In fact what is the difference? The food that we eat is regulated by the Feds, they are very careful to ensure that nothing bad enters our tummies. You just have to switch on your TV to see that in action, Spinach, Eggs, Ground Beef, when the producers or packagers screw up, the Feds are on top of it!

Well, that is the picture that the average American is shown. But is it an accurate one?

For most people the subject of food outside of what is on their plate is just a pile of techno babble mumbo jumbo. Up until a few months ago I counted myself in that huge majority of society.

I have worked in many industries over the years and each one has its own language that means little to an outsider. Acronyms abound, Listening in on two computer geeks talking, one has to wonder if it is even English. The financial world is just as bad, on TV there is a popular program A Thousand ways to Die, well in the money business there are a thousand ways to calculate interest rates. None of which make a bit of sense to anyone outside of the industry. I could go on and on.

The food industry is no different, ‘foodspeak’ is the term I like to use. Foodspeak though, is a little more refined than other industries, it has crept into our everyday lives. Supposedly it is to to inform the consumer, but I am skeptical. Often they will use a word that is in common usage, ‘obfuscate’ is the perfect word to describe the situation. Few things are as they seem.

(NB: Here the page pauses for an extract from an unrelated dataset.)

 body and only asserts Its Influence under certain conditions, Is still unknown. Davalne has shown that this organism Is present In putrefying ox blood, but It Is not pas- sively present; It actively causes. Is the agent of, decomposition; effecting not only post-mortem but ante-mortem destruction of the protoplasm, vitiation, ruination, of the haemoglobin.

In simple plain english, if something is bad, you mask it behind something that is less bad. A great example of this is MSG, In the 1970’s the rather cute term ‘Chinese Restaurant Symptom was coined. A percentage of people that ate at Chinese Restaurants experienced some form of food allergy after their meal. The culprit was found to be a ‘flavor enhancer’, MSG.

There was a public outcry over MSG, suddenly MSG became public enemy number one. Although MSG was most widely talked about in relation to Chinese Food, it was also in use by the packaged and canned food industry. In a move that was PR oriented the big food companies decried the use of MSG in their products.

Problem solved, right?

Well not quite, industry statistics indicate that MSG usage by the food industry has ballooned from 1 million ponds in 1968 to a staggering 440 million pounds in 2008 (latest statistics available). MSG is not for sale as a product on the supermarket shelves as a stand alone item, asking the assistant which aisle the MSG is on will likely result in a blank look. MSG however is likely to be found in the products on many of the aisles. MSG is one of Big Foods dirty little secrets.

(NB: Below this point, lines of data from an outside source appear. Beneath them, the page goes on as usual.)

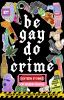 Go to record Be gay, do crime : sixteen stories of queer chaos / edited...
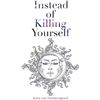 Image 1 : BRAND NEW INSTEAD OF KILLING YOURSELF BOOK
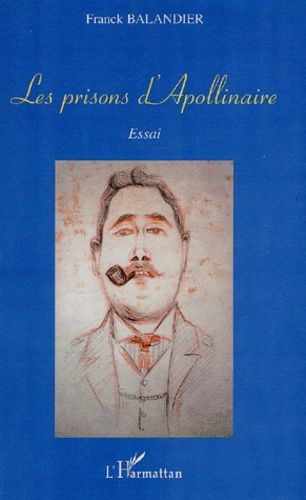 Emprunter Les prisons d'Apollinaire livre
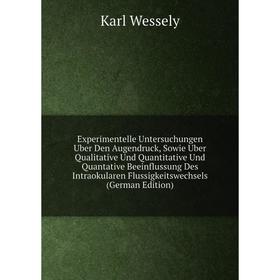 Книга Experimentelle Untersuchungen Uber Den Augendruck, Sowie Uber Qualitative Und Quantitative Und Quantative Beeinflussung Des Intraokularen Flussi
Книга Experimentelle Untersuchungen Uber Den Augendruck, Sowie Uber Qualitative Und Quantitative Und Quantative Beeinflussung Des Intraokularen Flussi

Why does Big Food love MSG? The answer is technically complex, but economically wonderful. Here in the west we think of there being four basic types of flavor, sweet, bitter, salty, and bitter. These building blocks can be used to describe any particular food. The Japanese on the other hand insist that there is a fifth element, they call it Umami. There is no direct translation, but maybe ‘deliciousness’ might be an approximation.

MSG adds Umami, it is billed as a flavor enhancer. But how can a tasteless white powder enhance flavor? The answer id long and very technically complex, but the simple easy to understand version is that it is a con job of epic proportions. Your brain is being conned, MSG operates in a not dissimilar way to cocaine. You are being conned into thinking something tastes great.

I don’t eat MSG, I check the labels and don’t buy products with MSG in it. 

When I hear this statement I just smile. I am reminded of a business expense adventure many years ago. My good friend and coworker had submitted an expense report that included a fabulously expensive lobster extravaganza. The food and wine had been spectacular, but also so was the size of the bill. Needless to say the accounting department became unglued when they saw the staggering amount our feast cost. They bounced it back with a terse note from a Vice President that food on the road was for sustenance not culinary adventure.

Unphazed, my friend Don reworked his expense report for our week on the East Coast, he resubmitted it with a note attached, ‘Lobster is still there, you find it’.

Very much this sums up the attitude of Big Food. Consumers have voiced that MSG is an unwelcome addition, by way of lip service Big Food leads us to believe that MSG is not a common additive. Read the label, you will not see MSG in the ingredient list is the clarion call from big food. But this is a BIG LIE. Just like Don and the Lobster Fest, MSG is still there, it just hides under numerous other names. The list is too long to print here but the recently published book It’s Not Your Fault by Mannie Barling and Ashley F. Brooks has a fairly comprehensive list. You can find the list here.

The subterfuge is known as ‘Clean Labels’. The manufacturers stay within the toothless guidelines of the FDA but have found a convenient loop hole to hide inconvenient ingredients.

That boring little box of information on your packaged or canned foods can be a wealth of knowledge, but, who bothers to read them? And maybe of even greater importance, few can understand them because of industry deception.